Le resultaba extraño y reconfortante a un tiempo volver a estar en casa. Había nacido y crecido en Bucarest, pero había pasado gran parte de su infancia al otro lado de los Cárpatos, en Transilvania. Para ella ésa no era una región novelesca poblada por vampiros y hombres lobo, sino Erdély, un lugar donde abundaban los bosques, las ciudadelas y la gente campechana. La cultura era una mezcla de Hungría y Alemania, aderezada con un toque cíngaro. Su padre era descendiente de los colonos sajones que en el siglo XII fueron allí para defender los pasos de montaña de los invasores tártaros. Los descendientes de aquellos centroeuropeos resistieron a toda una serie de déspotas húngaros y monarcas rumanos, todo para que al final de la Segunda Guerra Mundial los masacraran los comunistas.

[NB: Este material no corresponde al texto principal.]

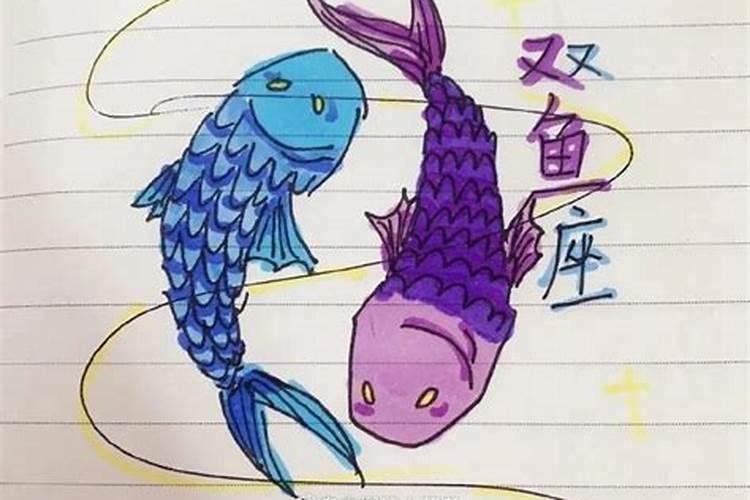 双鱼座男生性格特点对待感情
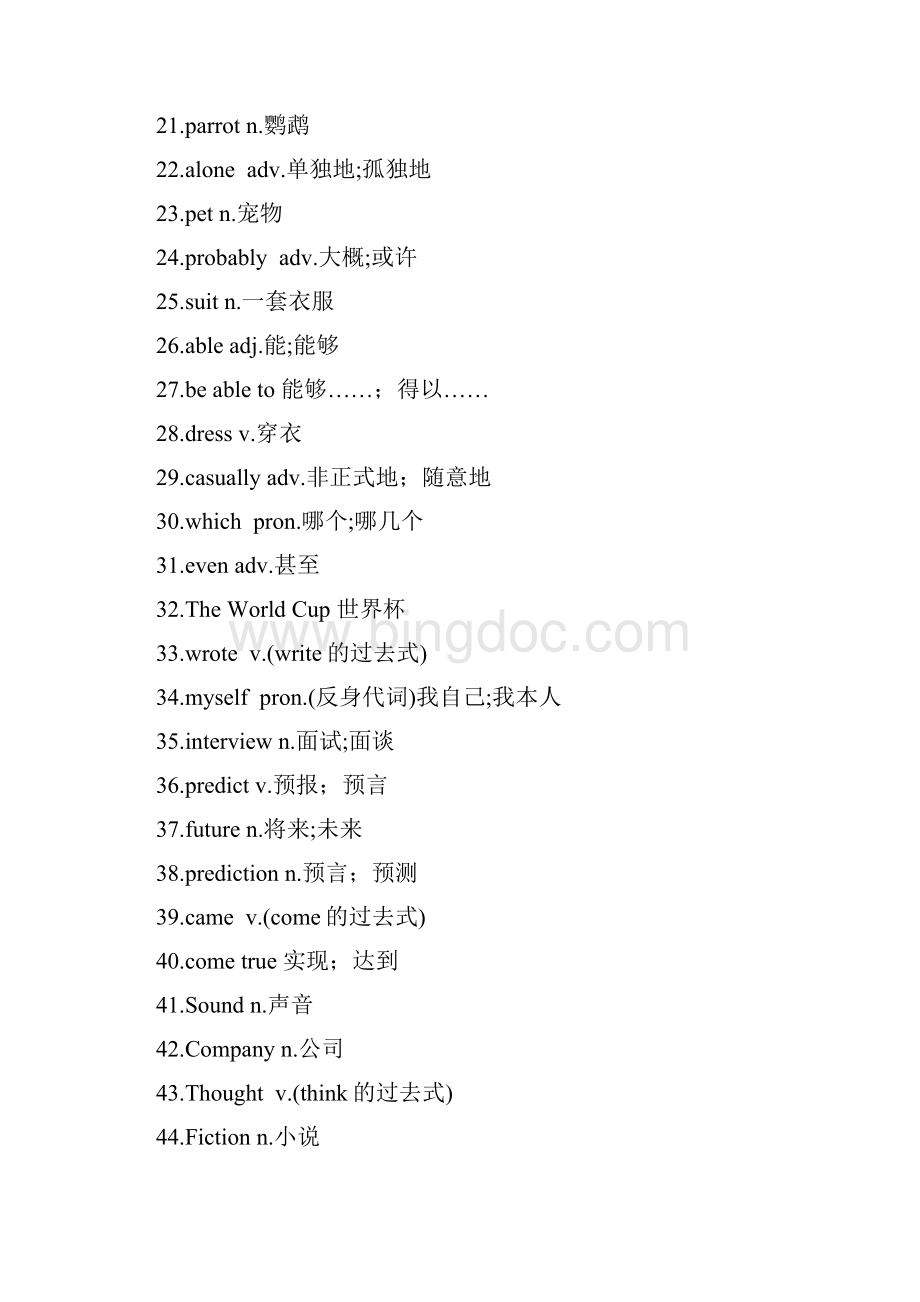 八年级下册16单元英语单词表文档格式.docx_第2页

Los padres de su madre eran gitanos, y los comunistas fueron cualquier cosa menos amables con ellos, despertando un odio colectivo similar al que Hitler sentía hacia los judíos. Al ver Zlatna, con sus casas de madera, sus balcones tallados y su estación de ferrocarril de estilo turco, recordó la aldea de sus abuelos. Zlatna se libró de los terremotos de la región y sobrevivió a la dictadura de Ceausescu; pero el hogar de sus abuelos no corrió la misma suerte. Al igual que las dos terceras partes de los pueblos del país, el de ellos fue aniquilado de forma sistemática, los vecinos relegados a grises edificios de pisos comunales. Los padres de su madre incluso tuvieron que afrontar la vergüenza de derruir su propia casa. «Un modo de combinar la experiencia campesina con la eficiencia marxista», rezaba el plan. Y, tristemente, fueron pocos los rumanos que lloraron la pérdida de las aldeas gitanas. Ella recordaba ir a ver después a sus abuelos a aquel piso frío e impersonal, las lúgubres habitaciones grises desprovistas del espíritu afectuoso de sus antepasados, la esencia de la vida extirpada de su alma. Que era de lo que se trataba. Más tarde, en Bosnia, se lo denominó «limpieza étnica». A Ceausescu le gustaba decir que era un paso hacia el «progreso». Ella lo llamaba demencia. Y las cosas y los sonidos de Zlatna resucitaban todos esos recuerdos desagradables.